» Task directions
Everything from the line with "For rent 3 bedrooms condo in Sathon, Bangkok" down to the line with "cos aw26 show" below must be printed exactly, those two lines included. Exclude pictures.

START Material for this exercise

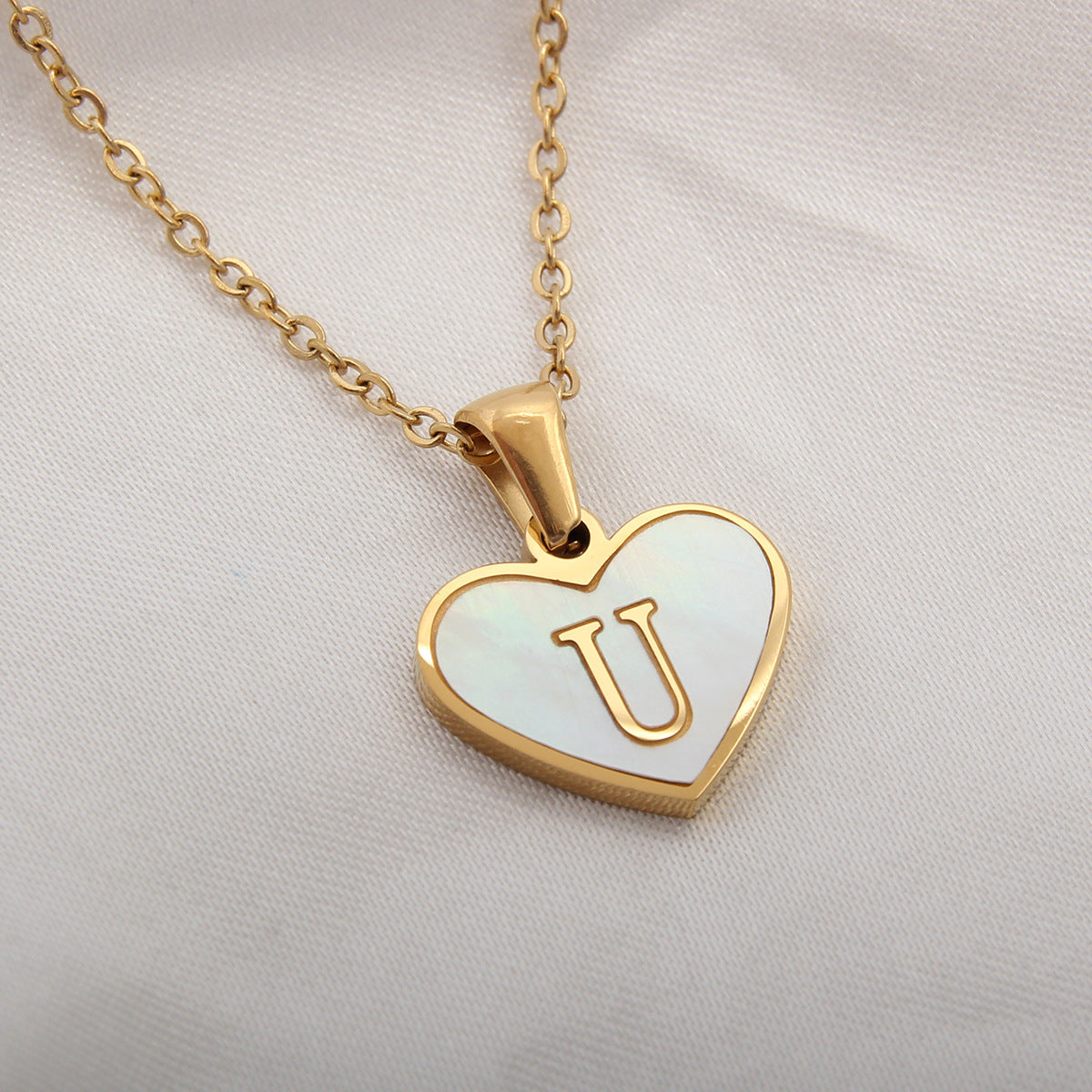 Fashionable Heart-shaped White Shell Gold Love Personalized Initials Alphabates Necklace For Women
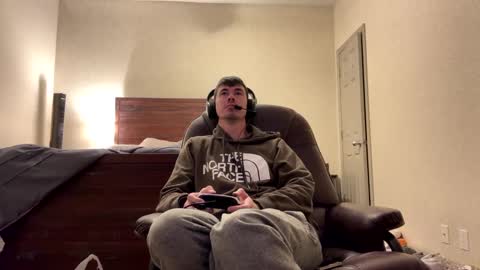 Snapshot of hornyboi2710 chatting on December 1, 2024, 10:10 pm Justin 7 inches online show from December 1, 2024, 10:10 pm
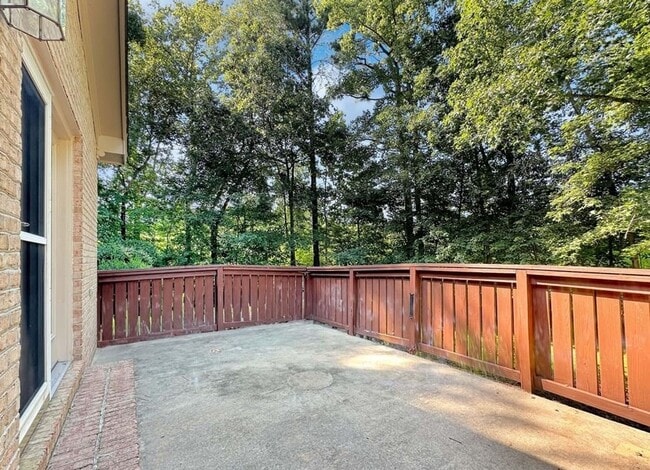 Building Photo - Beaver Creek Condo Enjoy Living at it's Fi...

END Material for this exercise
START Material for this exercise

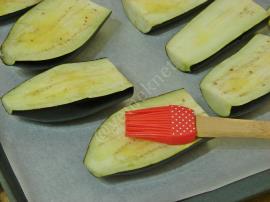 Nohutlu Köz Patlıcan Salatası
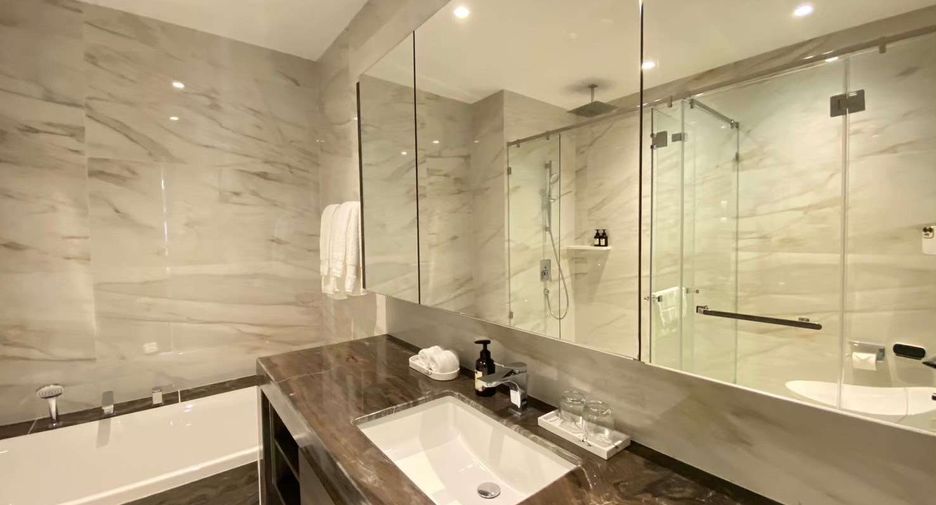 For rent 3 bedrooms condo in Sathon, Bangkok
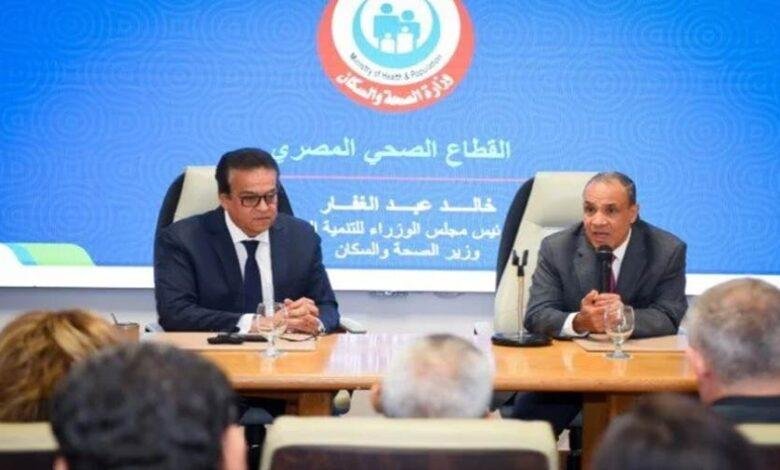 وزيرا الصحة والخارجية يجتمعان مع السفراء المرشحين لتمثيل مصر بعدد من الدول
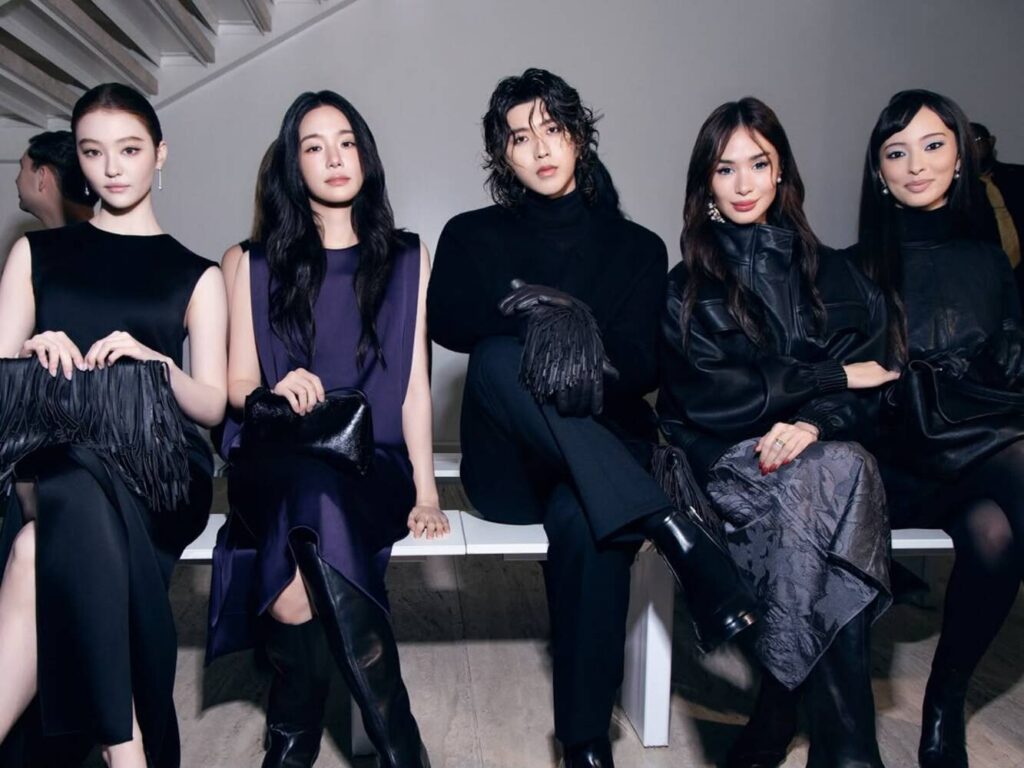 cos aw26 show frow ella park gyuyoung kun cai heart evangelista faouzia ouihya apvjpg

END Material for this exercise

» Result of this task
 For rent 3 bedrooms condo in Sathon, Bangkok
 وزيرا الصحة والخارجية يجتمعان مع السفراء المرشحين لتمثيل مصر بعدد من الدول
 cos aw26 show frow ella park gyuyoung kun cai heart evangelista faouzia ouihya apvjpg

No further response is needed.